Some residents and the condominium association brought a lawsuit against the developer who joined Air Master. Air Master sought defense and indemnity from insurers that covered it under a succession of CGL policies: Penn National (June 2004-June 2009); Selective (June 2009-June 2012); and Harleysville (June 2012-June 2015). Penn National undertook to defend Air Master, while Selective and Harleysville argued they had no duty to defend or indemnify, as the property damage manifested itself before their policy periods. Harleysville was dismissed, leaving open the question of whether Selective was obligated to defend and indemnify.
Selective moved for summary judgment, arguing that it was not responsible because the water damage manifested before June 2009. Air Master argued that the court should adopt a “continuous trigger” approach to coverage where all policies are triggered until the point that it becomes reasonably known that the damage is attributable to the insured’s work. The court ruled in Selective’s favor, holding that the water damage manifested itself before June 2009.
When Air Master appealed, the Appellate Division decided two issues: 1) whether the continuous trigger theory applies to third-party claims for progressive property damages as a result of defective construction; and 2) if so, when does the “last pull” of the continuous trigger occur.

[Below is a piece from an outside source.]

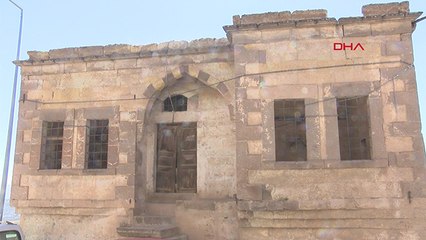 100 yıllık binanın yıkılmaması için zincirli önlem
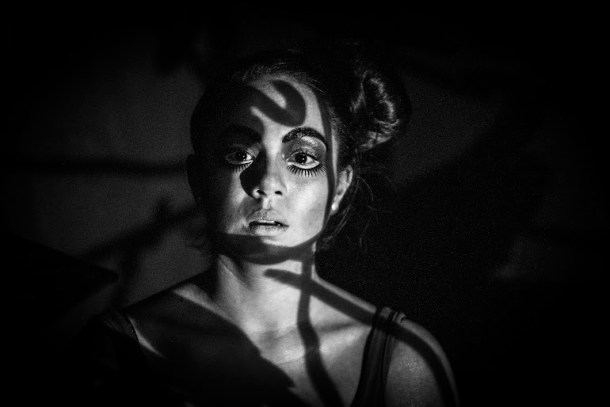 'Zapatos andaluces' y 'Retrato de mujer con sombras' con ingreso libre en la ENSAD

Regarding the first issue, the court noted that New Jersey courts previously endorsed the continuous trigger theory in asbestos and environmental contamination cases. The court cited to the New Jersey Supreme Court case, Potomac Insurance Co. v. PMA Insurance Co., which approved the continuous trigger theory in the construction context in a dispute pertaining to contribution of costs between insurers that had issued policies in two successive years. After explaining that the policy underlying the continuous trigger theory is to increase insurance coverage for progressive injury situations, the court held the continuous trigger theory applicable for progressive property damages caused by defective construction.
Regarding the second issue, the court rejected Air Master’s argument that the end date for the continuous trigger should be delayed until it becomes reasonably known that the damage is attributable to the insured’s work. Instead, the court held that the “last pull of the trigger” occurs on the date of initial manifestation of the property damage caused by the defective construction.
After considering these issues, the court sent the case to the trial court for the parties to conduct discovery as to what information was known about the construction defects and whether that information could have reasonably been known before Selective’s policy period.
Under Air Master, we now know that New Jersey courts will apply a continuous trigger approach to coverage in the construction defect context. Therefore, all policies through the time that the property damage manifests itself could be implicated. The court did not expressly address when the initial “pull” of the trigger occurs. Based upon Penn National’s undertaking to defend Air Master, it appears that the initial pull occurs as of the date that the work is performed. The New Jersey Supreme Court’s decision in Potomac also suggested the same. However, because the courts have never expressly addressed this issue, the timing of the initial pull remains an open question.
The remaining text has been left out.